• Problem description: Please return the lines below verbatim, beginning at the one that has "Fotogaleria ze zdjęciami" and stopping after the one that has "HAAS F1 ロマングロージャン 1/2ヘルメット　オートグラフ入り。", and add no other lines.

• Material for this task:

_ _ _ _ _ _ _

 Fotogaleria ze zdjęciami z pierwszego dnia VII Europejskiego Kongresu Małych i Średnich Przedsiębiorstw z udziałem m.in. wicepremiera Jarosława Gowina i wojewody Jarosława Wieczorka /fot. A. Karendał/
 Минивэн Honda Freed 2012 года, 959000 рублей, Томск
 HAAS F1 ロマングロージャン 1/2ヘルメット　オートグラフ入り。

_ _ _ _ _ _ _

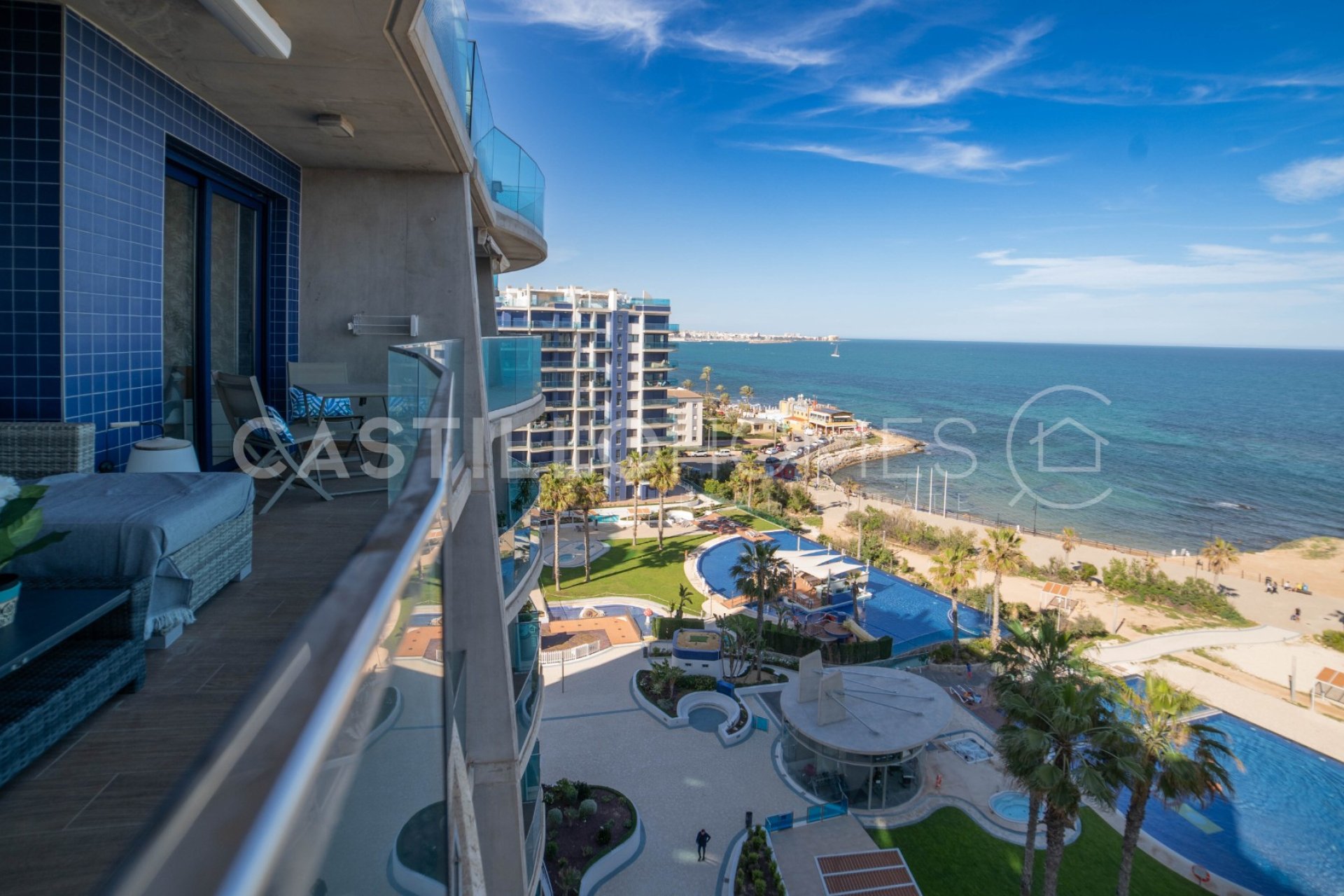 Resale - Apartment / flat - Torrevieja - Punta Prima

_ _ _ _ _ _ _

• Result of the exercise:
 Fotogaleria ze zdjęciami z pierwszego dnia VII Europejskiego Kongresu Małych i Średnich Przedsiębiorstw z udziałem m.in. wicepremiera Jarosława Gowina i wojewody Jarosława Wieczorka /fot. A. Karendał/
 Минивэн Honda Freed 2012 года, 959000 рублей, Томск
 HAAS F1 ロマングロージャン 1/2ヘルメット　オートグラフ入り。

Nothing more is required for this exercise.